[Extracted entries]

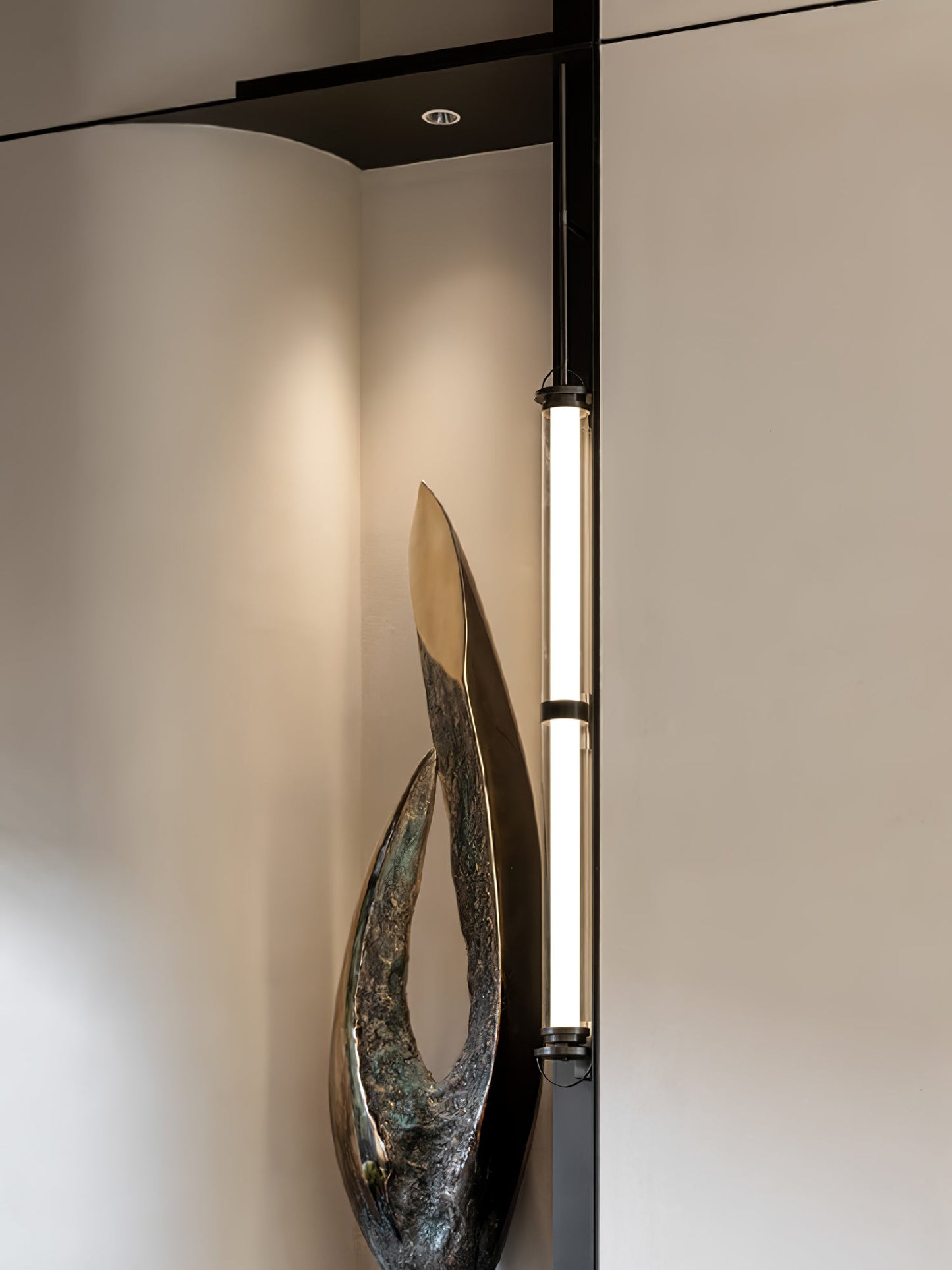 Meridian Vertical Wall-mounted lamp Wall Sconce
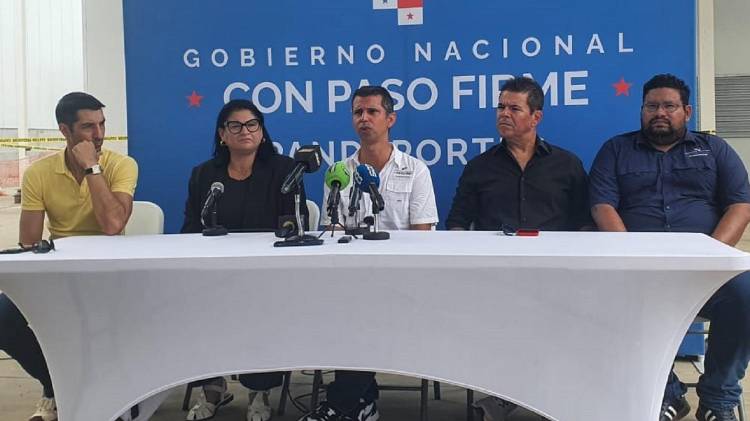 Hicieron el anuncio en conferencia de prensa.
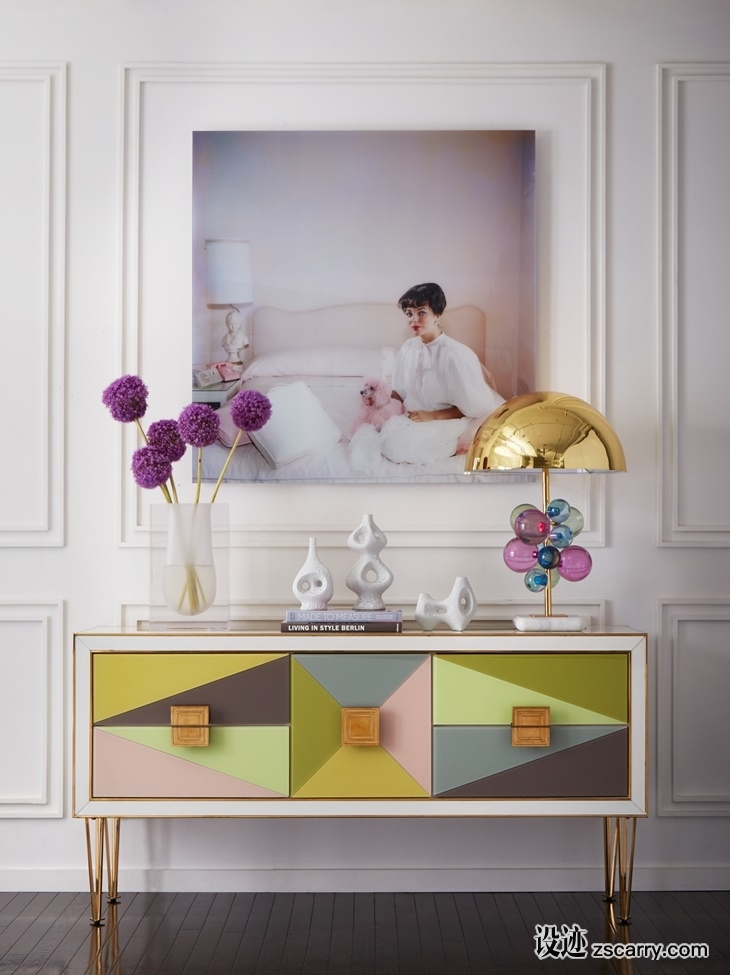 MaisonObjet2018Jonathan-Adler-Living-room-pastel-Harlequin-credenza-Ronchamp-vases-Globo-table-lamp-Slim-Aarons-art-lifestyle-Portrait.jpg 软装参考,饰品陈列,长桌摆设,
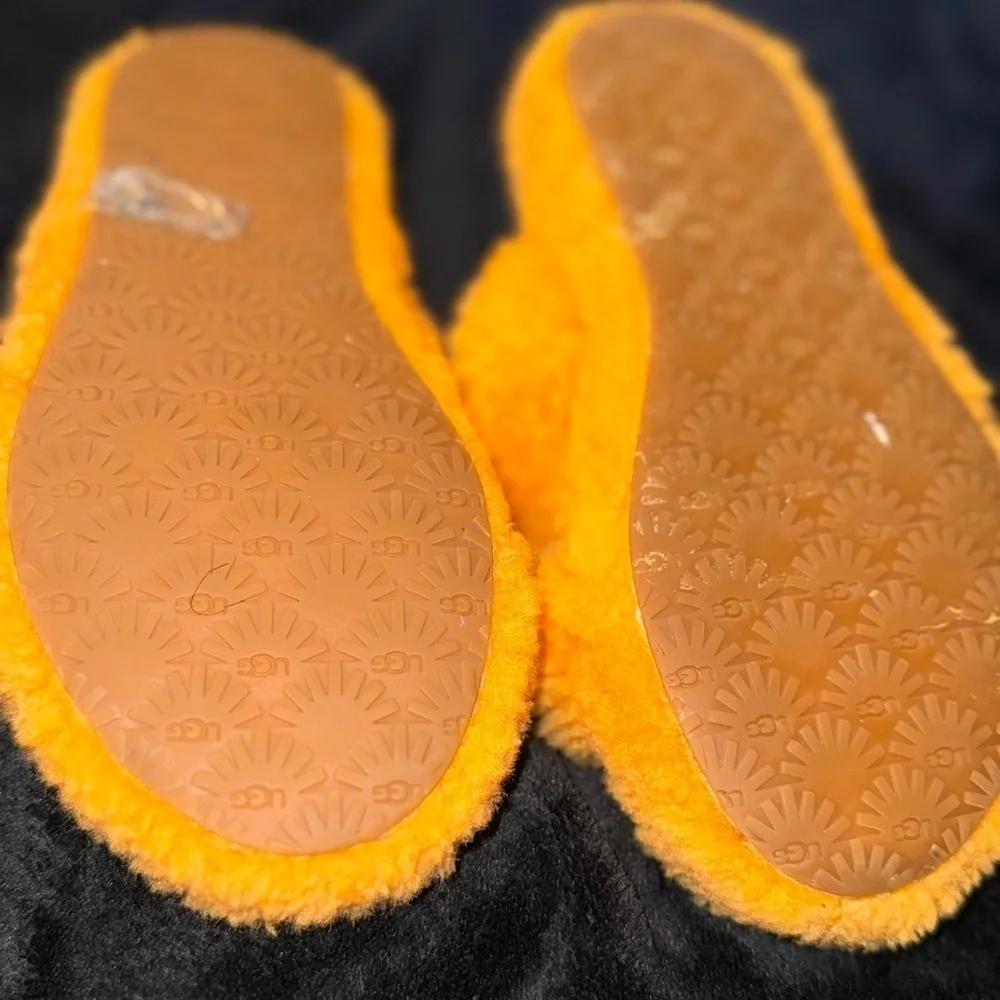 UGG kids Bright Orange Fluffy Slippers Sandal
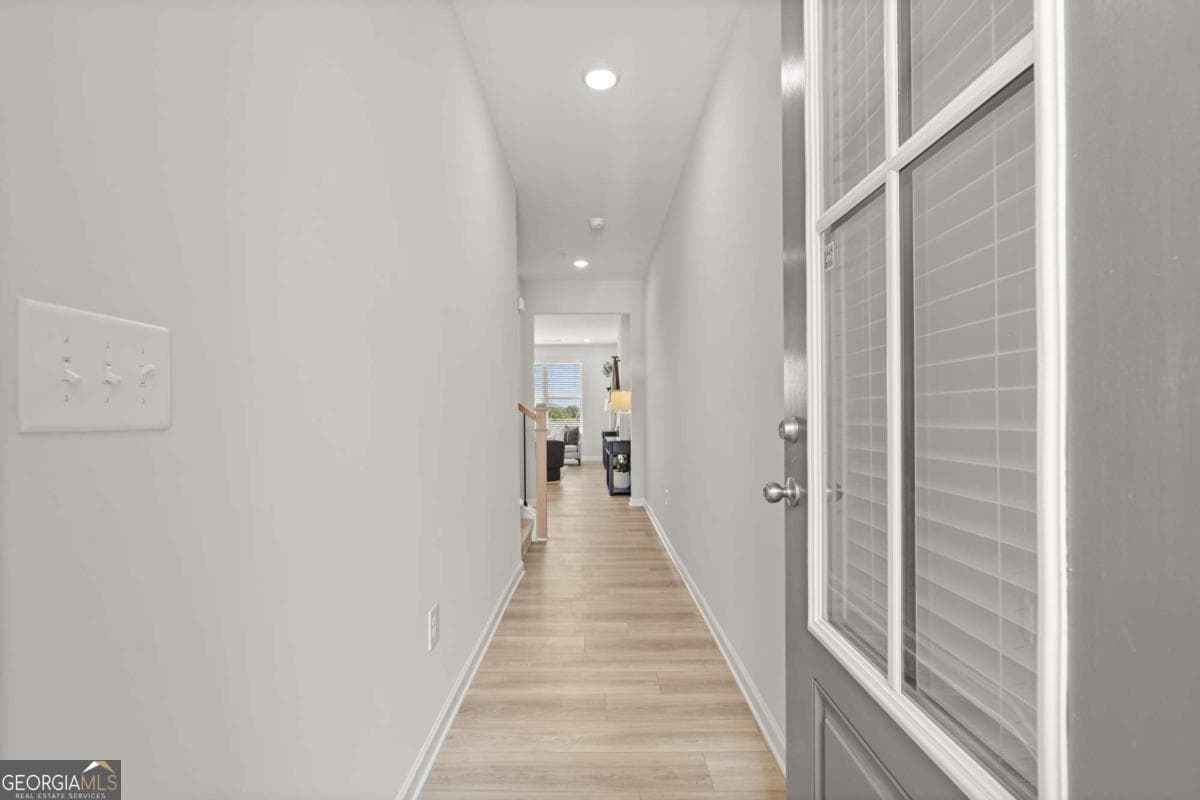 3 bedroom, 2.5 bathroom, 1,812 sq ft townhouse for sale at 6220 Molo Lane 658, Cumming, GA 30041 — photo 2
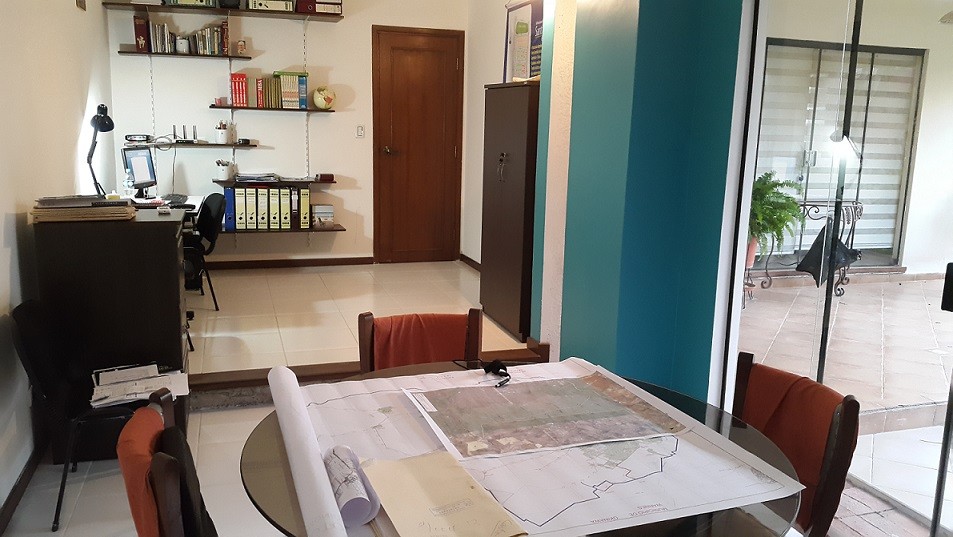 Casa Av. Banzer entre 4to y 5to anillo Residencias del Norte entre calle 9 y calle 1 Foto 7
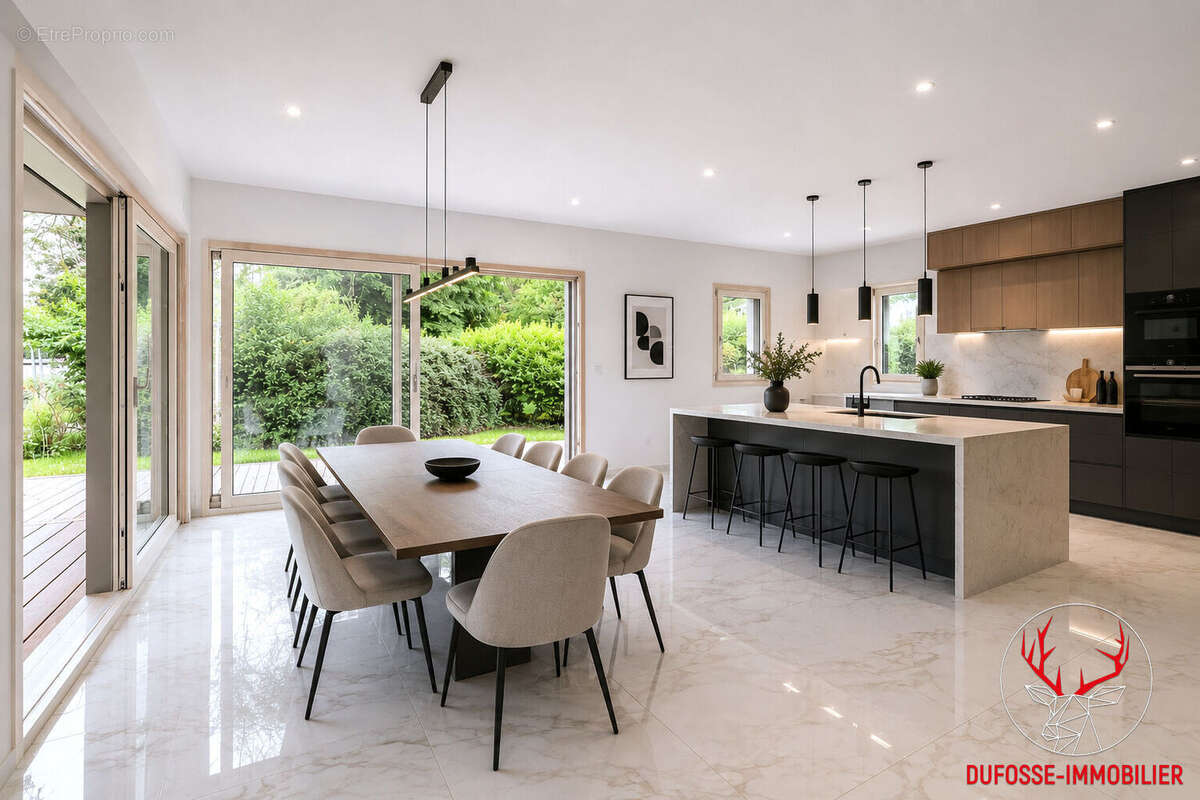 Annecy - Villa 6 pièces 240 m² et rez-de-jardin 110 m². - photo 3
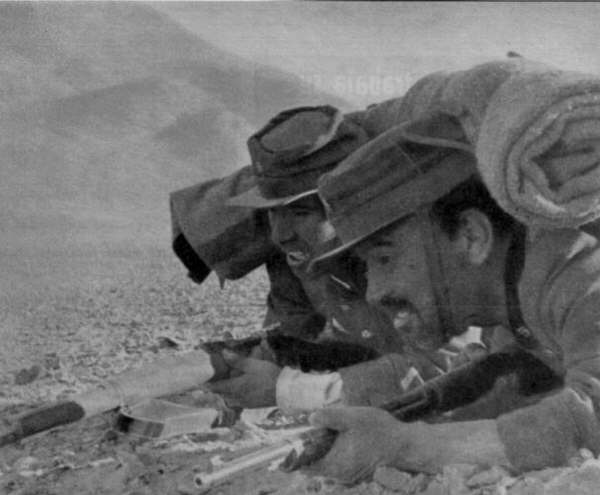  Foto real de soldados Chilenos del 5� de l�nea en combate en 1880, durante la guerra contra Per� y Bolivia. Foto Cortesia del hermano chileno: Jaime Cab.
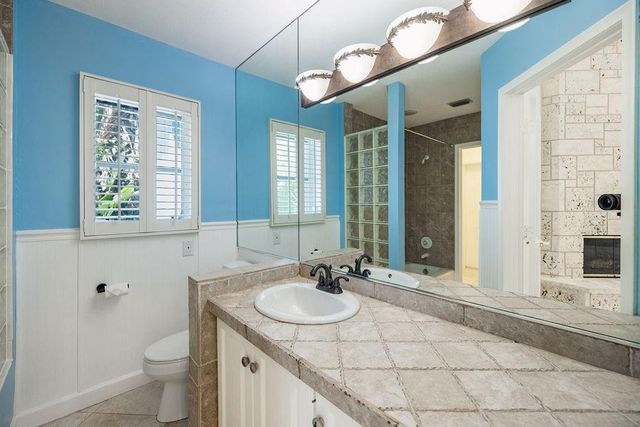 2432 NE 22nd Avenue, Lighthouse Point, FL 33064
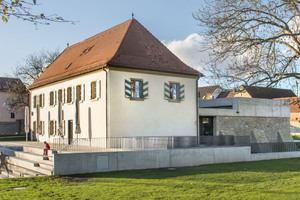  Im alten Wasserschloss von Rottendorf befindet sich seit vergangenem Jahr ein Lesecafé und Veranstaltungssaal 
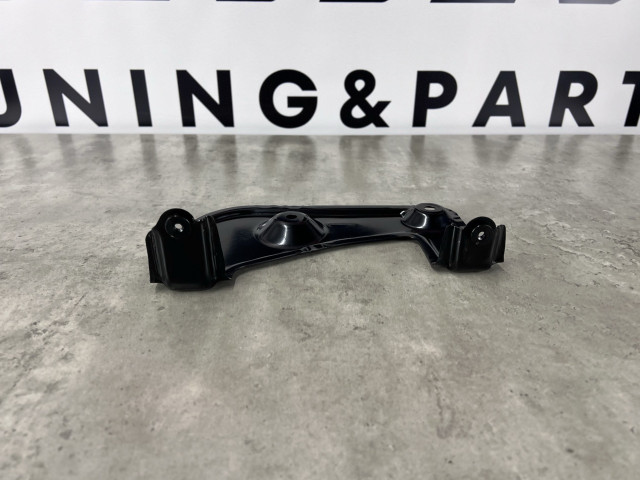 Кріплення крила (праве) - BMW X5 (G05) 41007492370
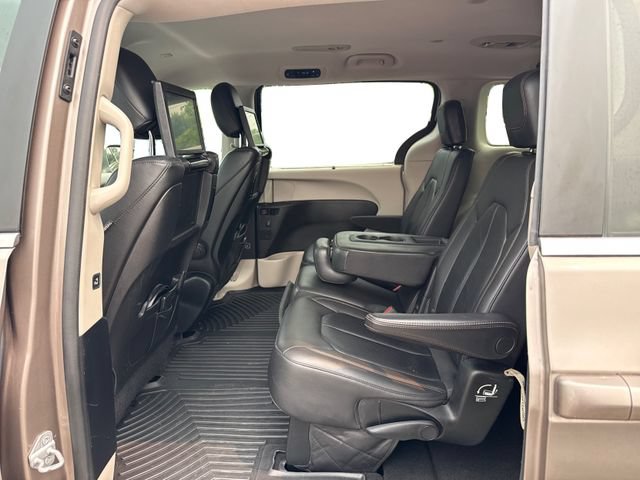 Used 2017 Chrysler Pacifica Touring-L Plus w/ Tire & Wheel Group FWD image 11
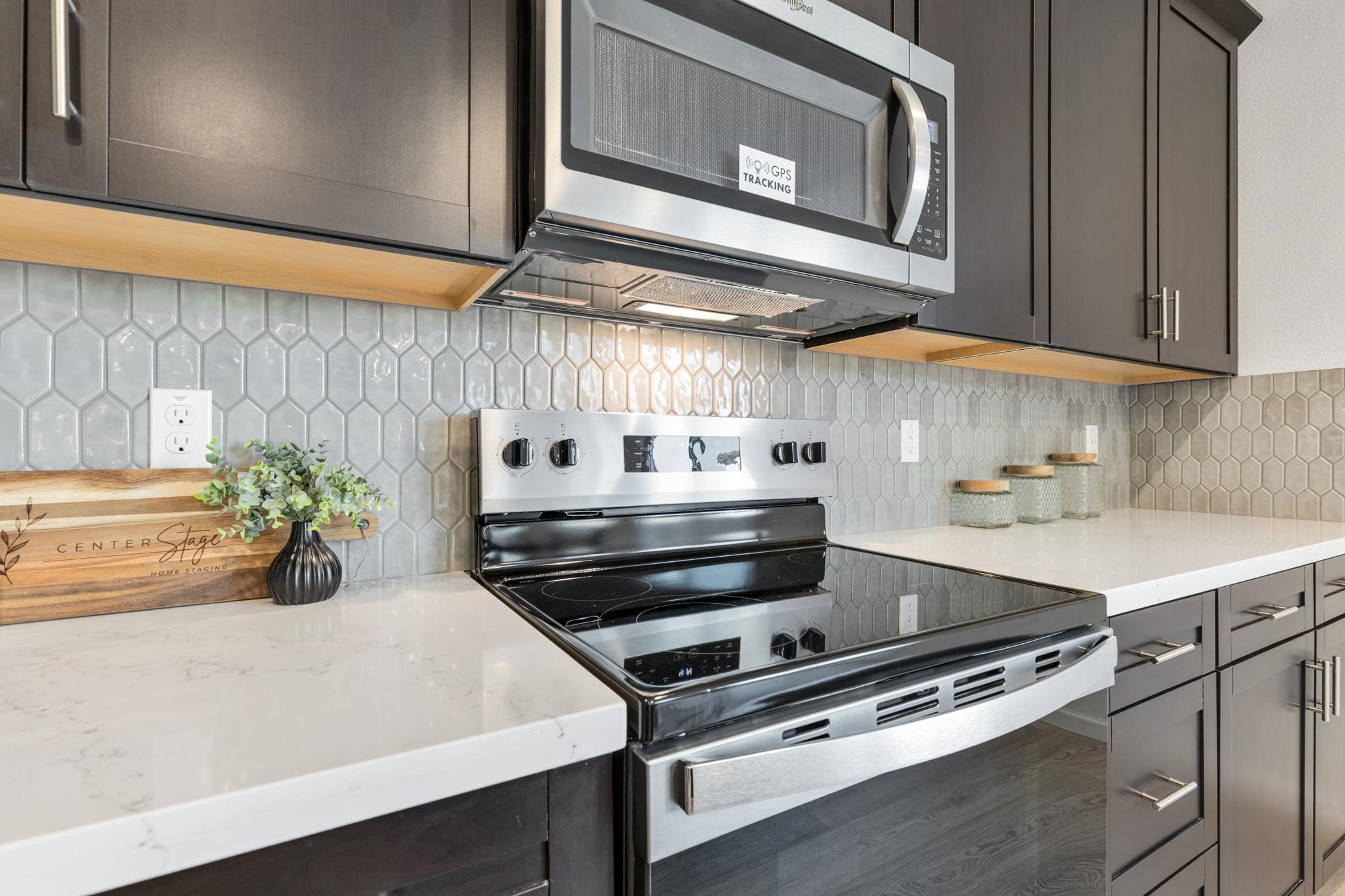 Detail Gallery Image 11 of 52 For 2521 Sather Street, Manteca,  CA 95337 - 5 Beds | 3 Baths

[/Extracted entries]

_Work to be completed_
Without altering anything, output all the lines above but none of the images.

_Answer_
 Meridian Vertical Wall-mounted lamp Wall Sconce
 Hicieron el anuncio en conferencia de prensa.
 MaisonObjet2018Jonathan-Adler-Living-room-pastel-Harlequin-credenza-Ronchamp-vases-Globo-table-lamp-Slim-Aarons-art-lifestyle-Portrait.jpg 软装参考,饰品陈列,长桌摆设,
 UGG kids Bright Orange Fluffy Slippers Sandal
 3 bedroom, 2.5 bathroom, 1,812 sq ft townhouse for sale at 6220 Molo Lane 658, Cumming, GA 30041 — photo 2
 Casa Av. Banzer entre 4to y 5to anillo Residencias del Norte entre calle 9 y calle 1 Foto 7
 Annecy - Villa 6 pièces 240 m² et rez-de-jardin 110 m². - photo 3
  Foto real de soldados Chilenos del 5� de l�nea en combate en 1880, durante la guerra contra Per� y Bolivia. Foto Cortesia del hermano chileno: Jaime Cab.
 2432 NE 22nd Avenue, Lighthouse Point, FL 33064
  Im alten Wasserschloss von Rottendorf befindet sich seit vergangenem Jahr ein Lesecafé und Veranstaltungssaal 
 Кріплення крила (праве) - BMW X5 (G05) 41007492370
 Used 2017 Chrysler Pacifica Touring-L Plus w/ Tire & Wheel Group FWD image 11
 Detail Gallery Image 11 of 52 For 2521 Sather Street, Manteca,  CA 95337 - 5 Beds | 3 Baths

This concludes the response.